The carbonized structure was characterized by an X-ray diffractometer (SmartlabRigaku, (Rigaku Corporation: Tokyo, Japan) using Co−Kα radiation (1.788965 Å). The sample morphologies were investigated with a scanning electron microscope (TESCAN) (TESCAN Corporation: Libušina tř. 21623 00 Brno—Kohoutovice Czech Republic). Transmission electron microscope images (TEM) and selected area electron diffraction (SAED) patterns were obtained using a cold- Field Emission Gun (FEG) TEM-Hitachi HF3300 (Hitachi high technologies: Tokyo, Japan) operated at 300 kV.

3.3. Electrochemistry

Composite electrodes were fabricated from samples of HC-1000, HC-1200, or HC-1400, and Super P and polytetrafluoroethylene (PVDF) binder mixture in a mass ratio of 80:12:8 was coated onto Al foil.
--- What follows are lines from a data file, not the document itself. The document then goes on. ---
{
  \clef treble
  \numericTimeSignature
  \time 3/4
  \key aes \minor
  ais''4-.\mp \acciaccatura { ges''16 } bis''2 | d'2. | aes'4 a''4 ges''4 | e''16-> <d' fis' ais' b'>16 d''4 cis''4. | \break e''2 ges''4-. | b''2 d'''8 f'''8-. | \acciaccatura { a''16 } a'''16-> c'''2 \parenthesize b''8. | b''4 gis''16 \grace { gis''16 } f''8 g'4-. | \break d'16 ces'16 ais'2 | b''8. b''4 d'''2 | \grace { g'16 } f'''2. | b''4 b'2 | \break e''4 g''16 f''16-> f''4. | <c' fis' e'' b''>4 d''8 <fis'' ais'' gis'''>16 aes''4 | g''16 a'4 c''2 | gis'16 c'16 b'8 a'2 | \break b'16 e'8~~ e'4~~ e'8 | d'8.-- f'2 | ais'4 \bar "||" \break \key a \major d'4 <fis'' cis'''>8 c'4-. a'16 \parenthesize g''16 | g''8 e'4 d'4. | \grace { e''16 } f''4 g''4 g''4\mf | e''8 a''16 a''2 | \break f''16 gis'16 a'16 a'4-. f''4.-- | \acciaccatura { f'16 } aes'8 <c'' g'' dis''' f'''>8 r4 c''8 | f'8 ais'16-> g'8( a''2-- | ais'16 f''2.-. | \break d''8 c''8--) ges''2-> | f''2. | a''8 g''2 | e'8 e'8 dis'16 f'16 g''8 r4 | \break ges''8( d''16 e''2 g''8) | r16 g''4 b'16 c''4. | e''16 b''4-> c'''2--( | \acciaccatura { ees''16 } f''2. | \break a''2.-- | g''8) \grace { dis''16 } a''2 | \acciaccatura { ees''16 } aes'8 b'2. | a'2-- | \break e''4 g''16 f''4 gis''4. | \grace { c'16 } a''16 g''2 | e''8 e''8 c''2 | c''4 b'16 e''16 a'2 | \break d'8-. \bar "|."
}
The loading of electrodes for HC-1000, HC-1200 and HC-1400 are 3.85 mg/cm2, 3.67 mg/cm2 and 4.15 mg/cm2, respectively. The electrolyte consists of 1M NaPF6 (>98%, Sigma-Aldrich, Oakville, ON, Canada), NaClO4 (>99%, Sigma-Aldrich, Canada), sodium trifluoromethanesulfonimide (NaTFSI, >99%, Solvionic, Toulouse cede, France) or sodium bis(fluorosulfonyl)imide (NaFSI, >99%, Solvionic, Toulouse cedex, France) in ethylene carbonate (EC) and diethyl carbonate (DEC) (3:7 in volume). A sodium foil was used as the counter electrode and glass fiber (GF/D 47, Whatman, UK) was used as the separator. All the operations were conducted in an argon-filled glovebox. The discharge and charge tests were conducted on EC-Lab battery test system (Bio-Logic acquired Uniscan Ltd., Vaucanson, France) in a voltage range of 0–2 V at various C-rates at room temperature.

4. Conclusions

In summary, we have developed a new hard carbon derived from maple trees. With an optimised electrolyte such as the NaTFSI/EC:DEC, initial coulombic efficiency is up to 88.03% and the specific capacity is 332 mAh/g. Furthermore, 92.3% of the capacity is still retained after 100 cycles at 0.5 C. Most importantly, we observed no graphite peak shift in in situ XRD, indicating no sodium intercalation to graphite. We believe these findings not only provide a novel anode material for sodium-ion batteries, but also expand the electrolyte options to improve initial coulombic efficiency or capacity for the commercialization of sodium-ion batteries.